Your objective — Once the line containing "Prayer & heling bumpersticker (Op Truck)" is reached in the listing below, reproduce it and all later lines through the final one exactly, but omit any pictures.

* * * * *

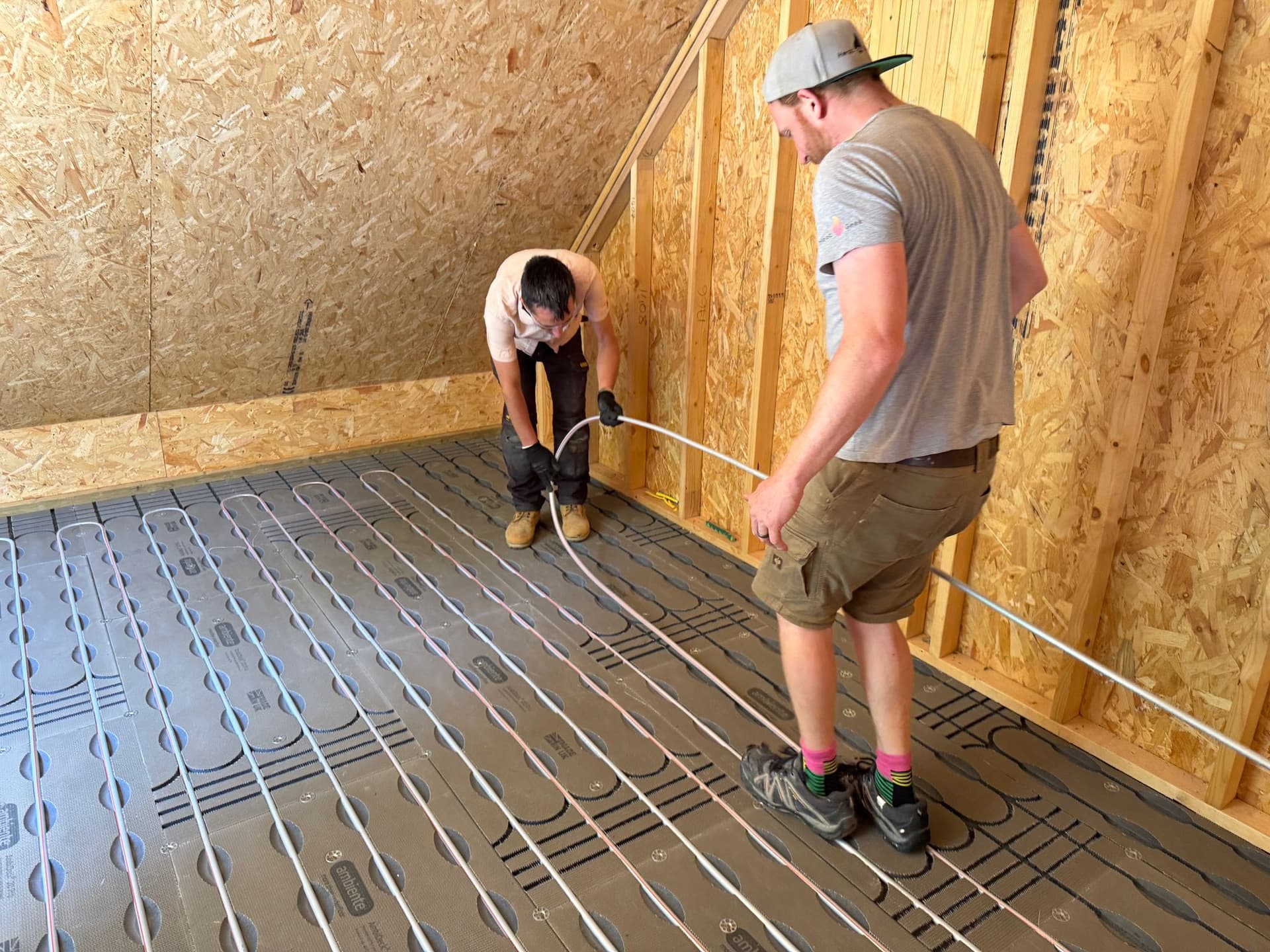 Local, qualified renewable heating engineers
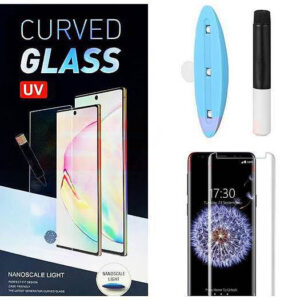 Folie protectie display sticla UV Gel Samsung Galaxy S10+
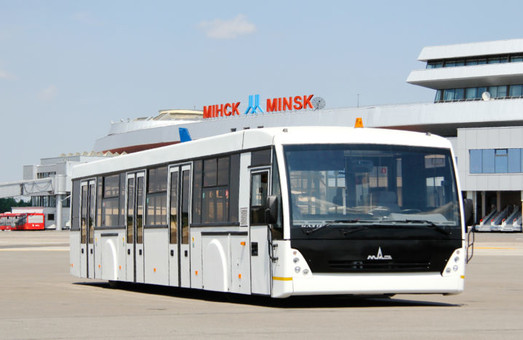 Международный аэропорт «Борисполь» покупает 11 автобусов за более чем 100 миллионов гривен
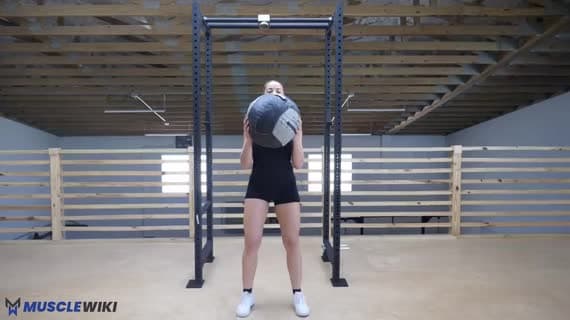 Thruster au ballon médicinal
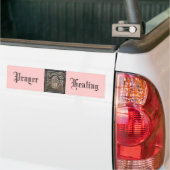 Prayer & heling bumpersticker (Op Truck)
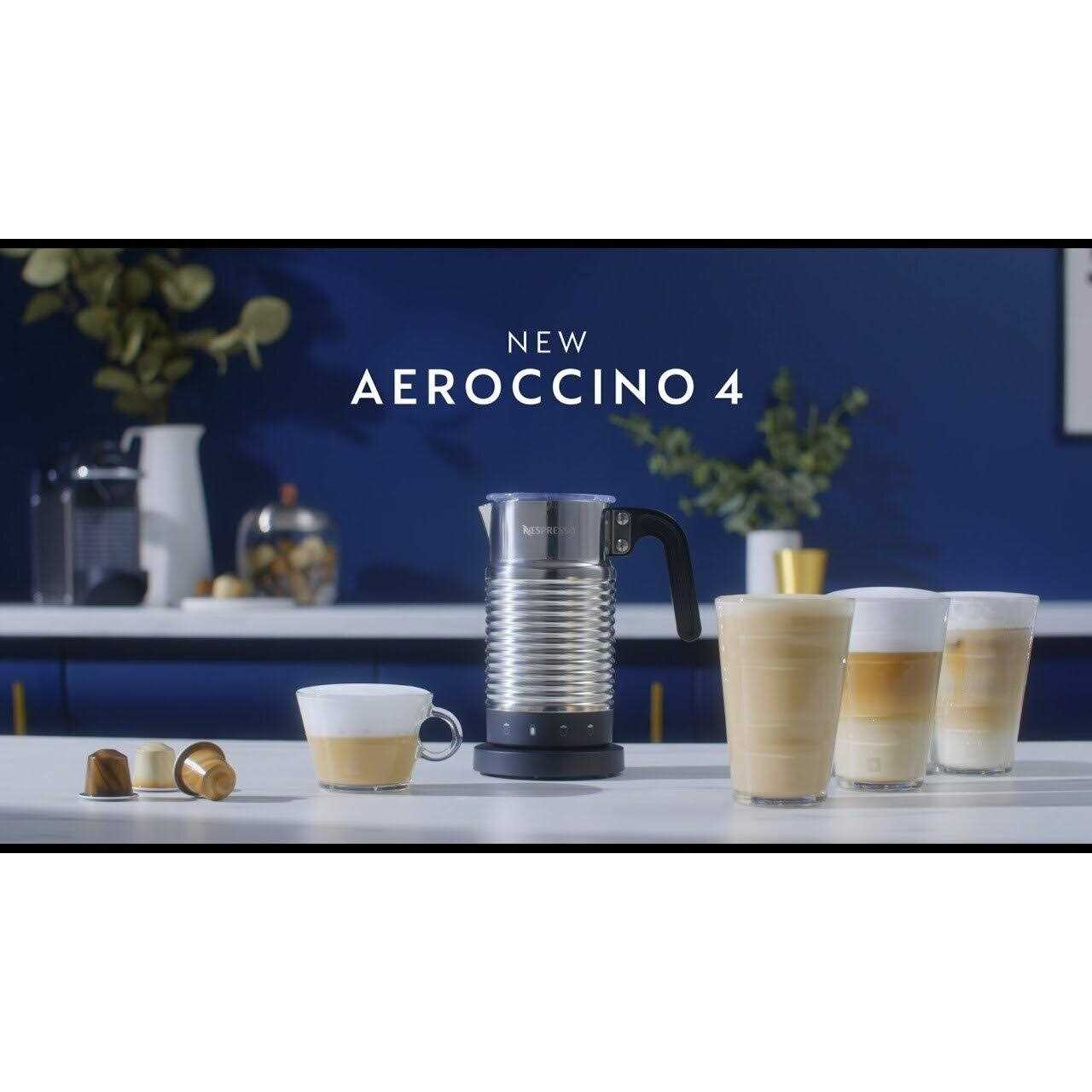 Nespresso Aeroccino 4 Milk Frother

* * * * *

Answer box —
 Prayer & heling bumpersticker (Op Truck)
 Nespresso Aeroccino 4 Milk Frother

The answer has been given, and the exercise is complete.